自在コラム

⇒ 日常での観察や大学キャンパスでの見聞、環境や時事問題、メディアとネットの考察などを紹介する宇野文夫のコラム

★拉致「宇出津事件」の現場

2013年09月12日 | ⇒ドキュメント回廊
 「舟隠し」。地元では昔からそう呼ばれていた場所だ。石川県能登町宇出津(うしつ)の遠島山公園の下の入り江だ。山が海に突き出たような岬で、入り組んだリアス式海岸は風光明媚(ふうこうめいび)とされるが、歩くにはアップダウンがきつい。この辺りでは15世紀ごろ城があり、入り江では水軍の舟が隠されるようにして配置されていたことから、「舟隠し」と名がついた。狭い入り江で両サイドでうっそうと木々で囲まれている。辺りは昼でも暗い。

  ここで国際事件、北朝鮮による拉致事件の第1号事件が起きた。

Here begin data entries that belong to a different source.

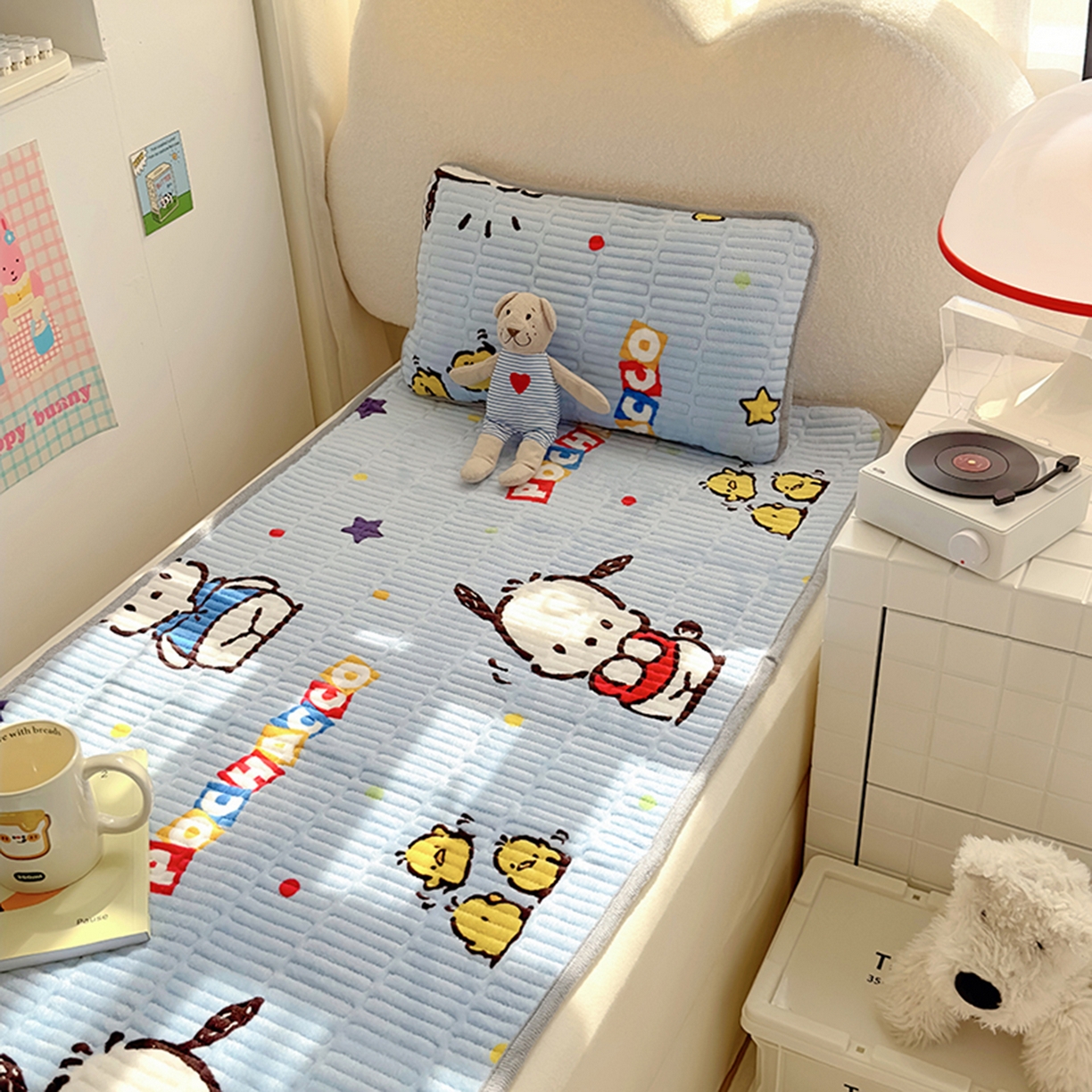 91家纺网 家纺一手货源 找家纺 希诺家居 2025新款儿童系列正版三丽鸥牛奶绒三件套幼儿园多件套 呆萌帕恰狗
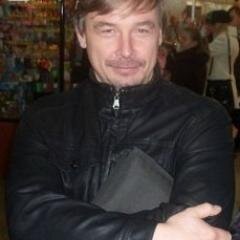 Занимаюсь интернет бизнесом.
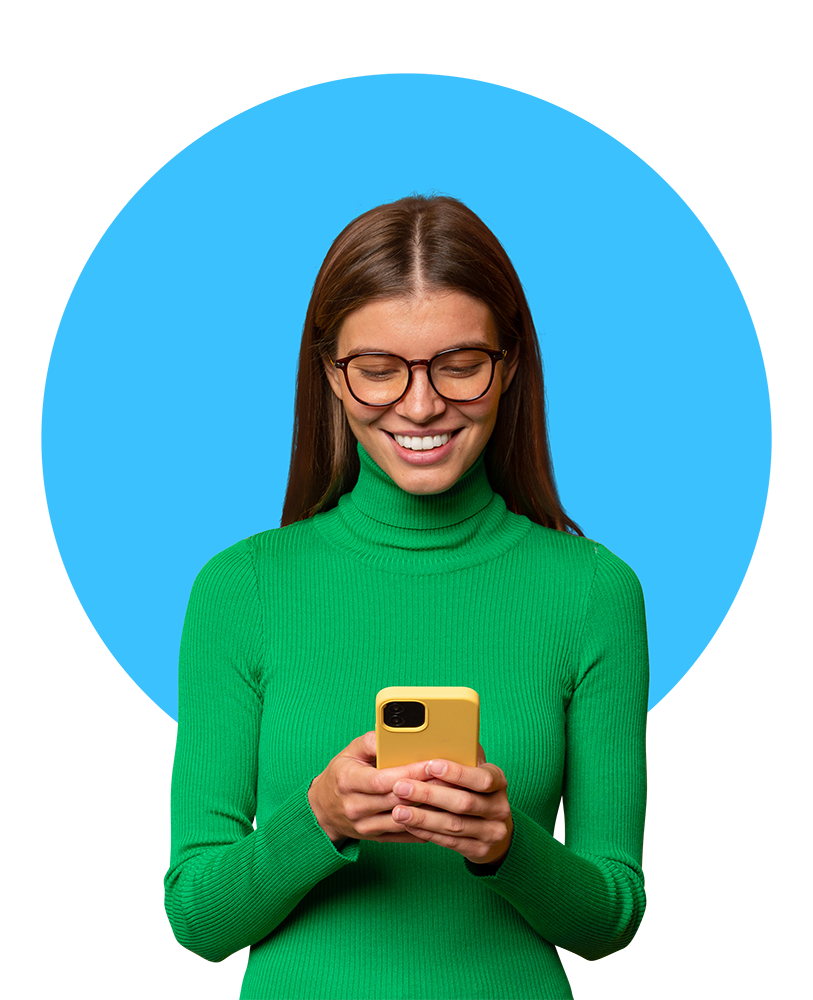 Junge Frau mit Blick auf das Smartphone: Optimiert für barrierefreie Nutzung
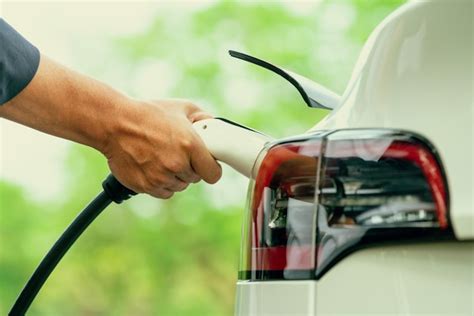 Homme Rechargeant La Batterie De Sa Voiture Lectrique Pendant Un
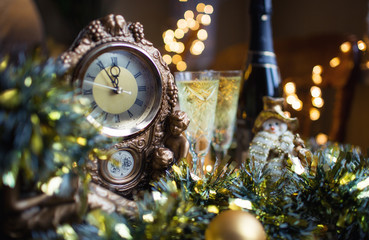 Countdown to midnight­. Hours of the last m­oments before the New­ year. Russia, Moscow,...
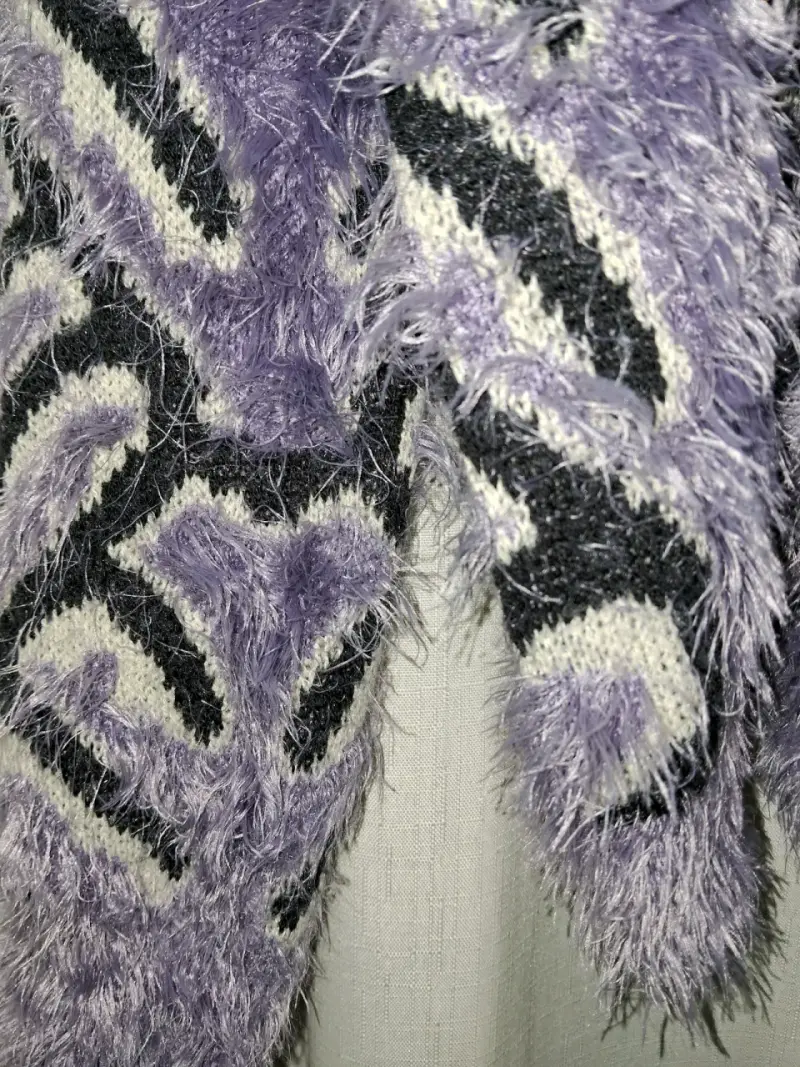 SuéterRapspdia.   Peludo morado y negro - 2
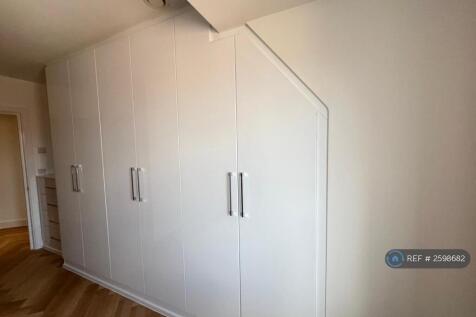 Master Bedroom (2)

政府の拉致問題対策本部のホームページなどによると、政府が拉致被害者として認定しているのは17人。その第1号ともいえるのが「宇出津事件」だ。

  事件の経緯はこうだ。1977年9月18日、東京都三鷹市の警備員だった久米裕さん(当時52歳)と在日朝鮮人の男(同37歳)は、国鉄三鷹駅を出発した。東海道を進み、福井県芦原温泉を経由して翌19日、能都町(現・能登町)宇出津(うしつ)の旅館「紫雲荘」に到着した。午後9時。2人は黒っぽい服装で宿を出た。怪しんだ旅館側は警察に通報し、石川県警からの連絡で能都署員と本部の捜査員が現場に急行した。旅館から歩いて5分ほどの小さな入り江「舟隠し」で男は石をカチカチとたたいた。数人の工作員が姿を現し、久米さんと闇に消えた。男は外国人登録証の提示を拒否したとして、駆けつけた署員に逮捕された。旅館からはラジオや久米さんの警棒などが見つかった。この年の11月15日、横田めぐみさん(当時13歳)が日本海に面した新潟の町から姿を消した。

 男の東京の自宅など捜索した石川県警は押収した乱数表から暗号を解読し、県警は警察庁長官賞を受賞した。しかし、当時、肝心の事件は公にはされなかった。ここからは推測だ。1973年8月8日、韓国の政治家で、のちに大統領となる金大中が、韓国中央情報部(KCIA)により日本の東京都千代田区のホテルから拉致されて、ソウルで軟禁状態に置かれ、5日後ソウル市内の自宅前で発見された事件、いわゆる金大中事件があった。事件後、警視庁はKCIAが関与していたと発表、日本と韓国の主権侵害問題に発展した。韓国側はKCIA職員かどうかも認めず不起訴処分とし、国家機関関与を全面否定していた。KCIAの組織的犯行と韓国側が認めたのは2006年7月のことだった。金大中の拉致事件が解決していない段階で、このどさくさに紛れ、北朝鮮が次々に日本人を拉致していたことになる。